In August 1996, Laura Liswood co-founded the Council of Women World Leaders with President Vigdís Finnbogadóttir of Iceland and is its Secretary General. In 2001, Liswood was named Managing Director, Global Leadership and Diversity for Goldman Sachs. She is now a senior advisor to that firm. In 1997, Liswood co-founded The White House Project. From 1992 to 1996, as Director of the Women’s Leadership Project, Liswood identified global leadership contributions by women heads of state. She interviewed 15 current and former women presidents and prime ministers, which is chronicled in her book and video documentary, Women World Leaders. After the events of September 11, 2001, Liswood became a reserve police officer in Washington D.C. and is now a sergeant. Liswood was previously a consultant for The Boston Consulting Group. She holds an M.B.A. from Harvard Business School and a B.A. from California State University, San Diego. She holds a J.D. degree from the University of California, Davis, School of Law, and is admitted to practice law in California and Massachusetts. Her latest book is called The Loudest Duck: Moving Beyond Diversity.

Organization Brief

Housed at the Woodrow Wilson International Center for Scholars in Washington, D.C., since 2011, the Council of Women World Leaders (www.wilsoncenter.org/program/council-women-world-leaders) expands the understanding of leadership, establishes a network of resources for high-level women leaders, and provides a forum for the group to contribute input and shape the international issues important to women and society.

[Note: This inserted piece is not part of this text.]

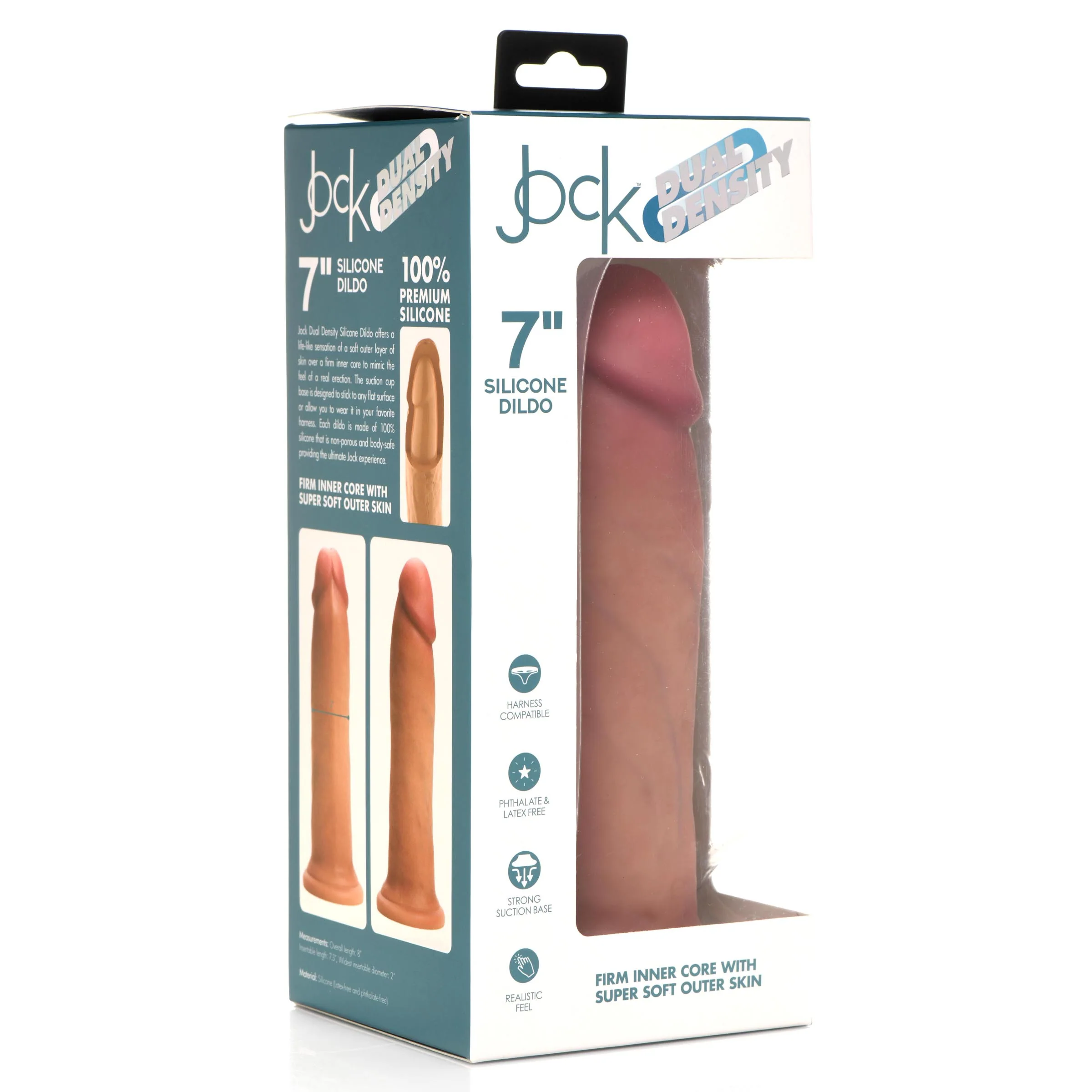 Ultra Realistic Dual Density Silicone Dildo - Image 4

How did the Council of Women World Leaders come about?

I traveled around the world and interviewed all of the living women presidents and prime ministers, which numbered 15 at the time, and I heard each of them describe similar challenges that women leaders face.

I also asked these leaders if they felt there would be value in meeting with each other, which led to a summit in Stockholm with most of the female heads of state in attendance. They agreed it would be worthwhile to create a council where they would have the opportunity to spend time with other female leaders and share experiences. The Council is now 15 years old.

They also had the goal of raising the visibility of women leaders because these women at the time, with few exceptions, were relatively unknown. They were also hopeful that they might be able to create common support and increased visibility for important issues. They wanted to partner with other organizations and to get more involved in setting the world agenda at organizations like the UN, the IMF, and the G-7 to ensure that women’s voices were included. With their combined power as women leaders, they felt it could happen.

So we formed the Council of Women World Leaders. Today, we continue to raise the visibility of women, collaborate with other organizations, promote research on women’s issues, and help younger women leaders enhance their opportunities – there is a graduate leaders program that we’ve had for a number of years where graduate students can participate in fellowships and internships in our council members’ offices and other ministerial offices. The current Chair is President Halonen of Finland.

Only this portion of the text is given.